Le Creux-de-Souci, Puy de Dome. (Martel, _Les Abimes_, 1894, Page 387.)--This is situated 5 kilometers southeast of Besse-en-Chandesse. It is a large lava cavern with the entrance directly in the middle of the roof. The bottom is partly filled by a lake. The depth from the surface of the ground to the lake is 33 meters; from the smallest part of the opening to the lake the depth is 21.50 meters. Down this last portion one can descend only by means of a rope ladder. The temperature is extremely low; in general near freezing point. In June, July, August and November 1892, Monsieur Berthoule, _maire_ of Besse, did not find any snow. On the 10th of August, 1893, on the contrary, he found at the bottom a heap of snow, which he thinks was formed in the cave itself, by the freezing during their descent of the drops of water which are constantly dripping from the roof. He reports landing on _une montagne de neige, de neige blanche_. On several visits, Mons. Berthoule noticed carbonic acid gas in dangerous quantities. There was none at the time he observed the snow heap, but ten days later he found it impossible to descend into the cave as the carbonic acid gas came up in puffs to the entrance. In the lake, Mons. Berthoule discovered a variety of Rotifer, _Notholca longispina_, and also several algæ and diatoms. The _Asterionella formosa_ is the most remarkable from its abundance: it exists in some of the lakes of the Alps, but not in those of the Pyrenees.

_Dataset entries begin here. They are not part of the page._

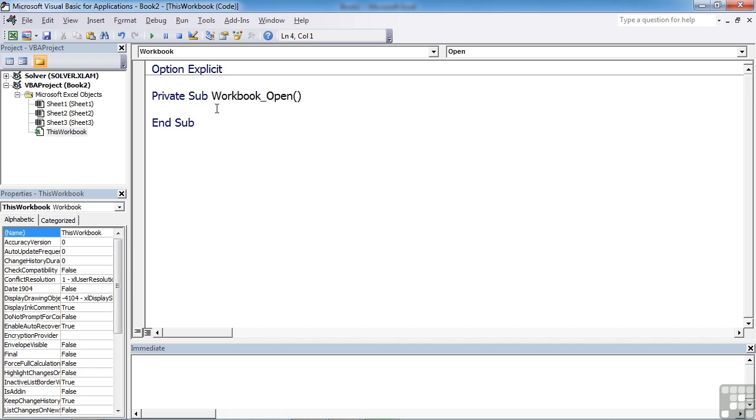And you can see we then get a subroutine created called workbook underscore open. The underscore open is our event. So when this workbook opens, something will happen. We can do something. What we can do is anything we can write in the VBA.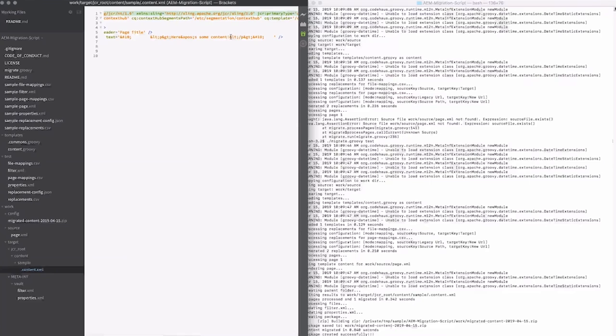For more information, check out the readme on GitHub. I hope the AEM migration script makes your content migration to AEM groovy.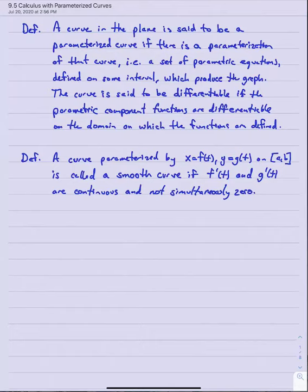Section 9.5: Calculus with Parameterized Curves. In this section we'll cover a few basic calculus facts about parametric equations. This will be a fairly short section, as most of the calculus we actually do with parametric equations really happens in Calc 3, but consider this a brief introduction to how to do some calculus with parametric equations.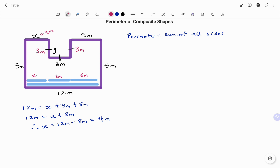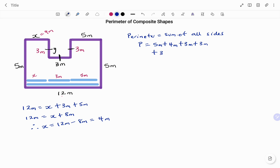Now to find the perimeter, which is the sum of all sides: my perimeter P equals, starting with my 5 meter side — 5 meters plus X (which is 4 meters) plus three sides of 3 meters each (3 plus 3 plus 3) plus another 5 meters plus 5 meters plus 12 meters. Adding all that together, my perimeter is 40 meters.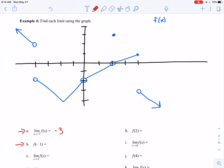Now f of negative 1 asks: what is the y value of the function at negative 1? Here at negative 1, the point on the graph has a y value of negative 3. So we really like it when the value of the limit at a particular x value equals the value of the function — it leads to nice properties and makes our problems easier to deal with.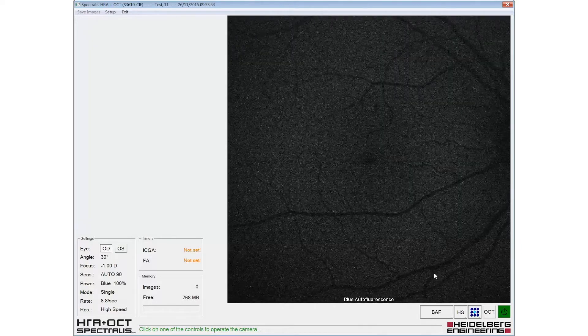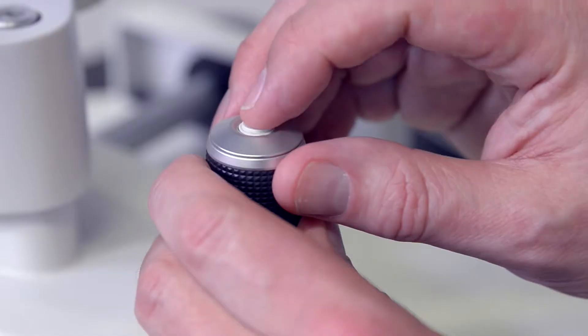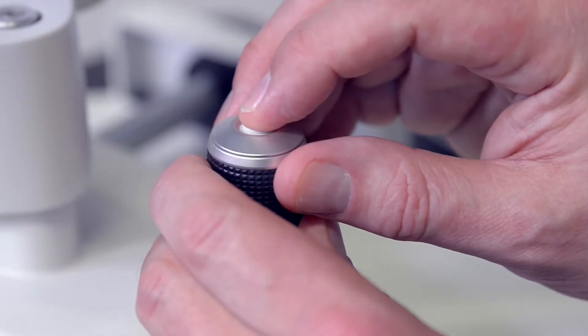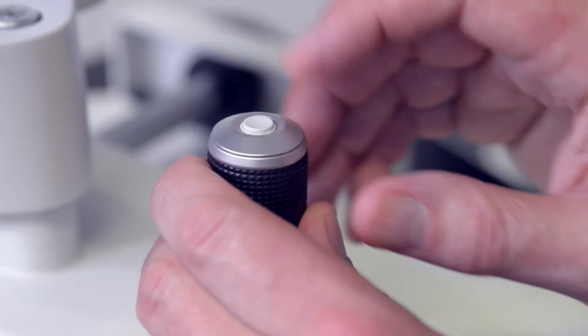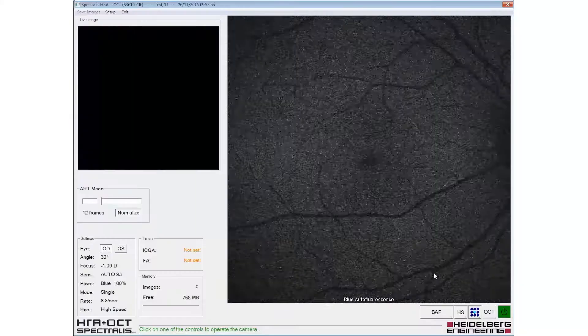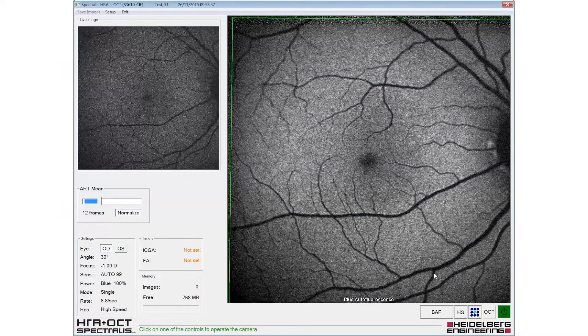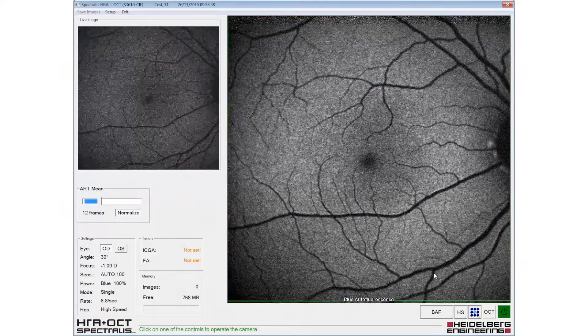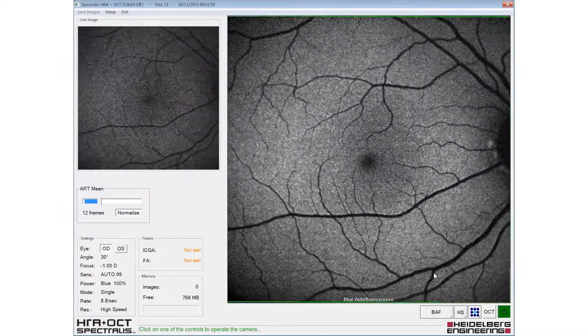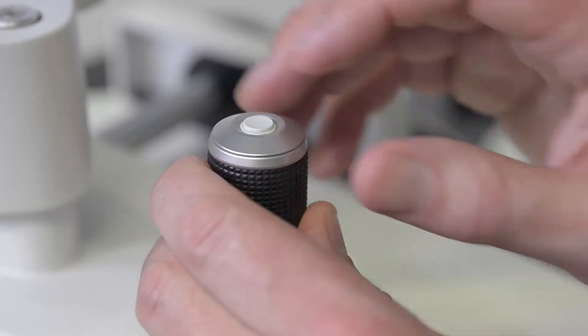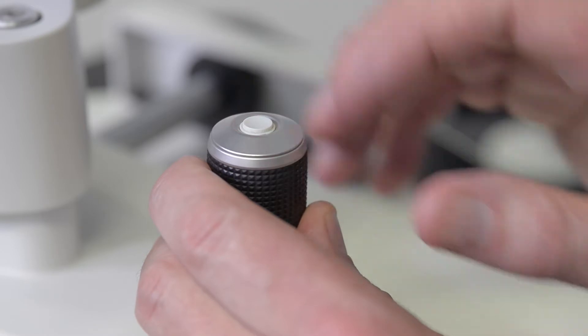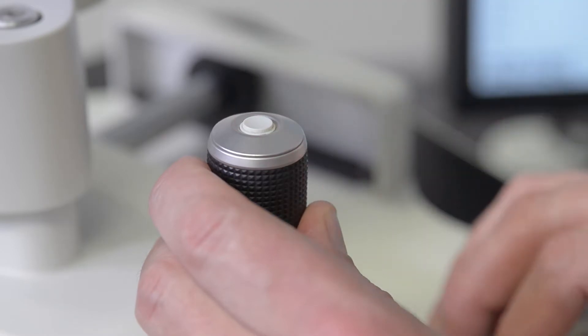Eye tracking and automatic real-time averaging engage with a long press of the joystick button. Once the ART value reaches the desired number of frames, images can be acquired with a short press of the button.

Aven de Lou Cervi, Vaucluse. (Martel, _Les Abimes_, page 563.)--This is a cold cave. It belongs to the class which Mons. Martel calls _avens à rétrécissement_, or _abimes à double orifice_. In September, 1892, Mons. Martel noted a temperature of 6.5° at 53 meters; of 6.8° at 64 meters. Mean temperature of locality, 8.75°.
Igue de Biau, Lot. (Martel, _Les Abimes_, page 304.)--Cold cave. Temperature on 13th July, 1891: 5°.

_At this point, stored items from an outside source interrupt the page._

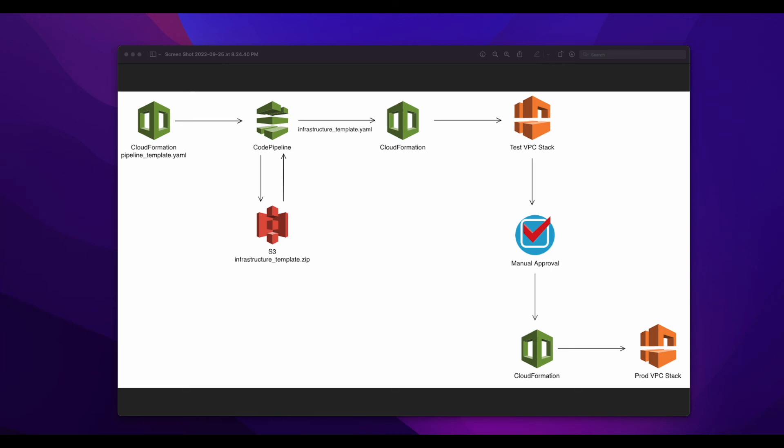So that concludes this video on building an AWS CodePipeline for CI/CD of infrastructure using CloudFormation. I hope you found it useful. Thank you.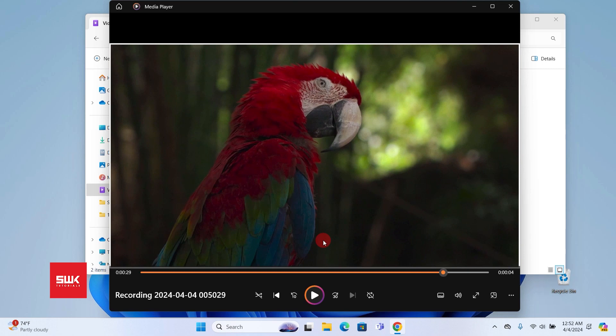So guys, this is how you can capture or record your screen in Windows 11. I hope you like this video. If you like it give it a like, if you love it subscribe to my channel, share my videos. Keep creating guys, bye bye.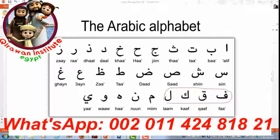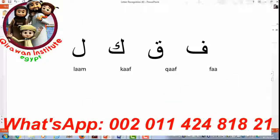FA, OFF, CAF, LAAM. FA — with your teeth, top teeth to the bottom lip. FA, OFF, CAF, LAAM.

Fosse Mobile, Charente. (Martel, _Les Abimes_, page 380.)--Cold cave. Temperature on 11th April, 1893: 7°.
Aven de Deidou, Causse Méjean. (Martel, _Les Abimes_, page 223.)--Cold cave. Temperatures on 14th October, 1892: outside air, 4°; at bottom, 6.5°.
Aven des Oules, Causse Méjean. (Martel, _Les Abimes_, page 227.)--Cold cave. Temperatures on 21st October, 1892: outside air, 2.5°; at bottom, 4°.
Windhole Cold Caves near Roquefort, Aveyron.--They lie 13 kilometers from Millau, at an altitude of about 600 meters, and are utilized in the manufacture of Roquefort cheese.
Aven de Carlet, near la Roche Giron, Basses Alpes. (Martel, _Les Abimes_, page 53.)--Lumps of ice are reported to have been taken from it.
La Poujade, Cévennes. (Martel, _Les Abimes_, pages 212-215.)--An intermittent spring in limestone rock. At the bottom of the first gallery, on the 18th of September, 1892, the temperature of the air was 12.3°, and that of a pool of water supplied by drip 11.5°. Mons. Martel thought that the drip brought to the pool the mean annual temperature of the ground through which it had come. A little further within and 5 meters lower, the temperature of the air was 7.3° and that of another pool of water 6.8°. This pool was not supplied by drip and must have been left over by the last flow of the spring. Mons. Martel thought that the lower temperatures at this spot were due to the cold air of winter dropping to the bottom of the cave and on account of its density not being able to get out.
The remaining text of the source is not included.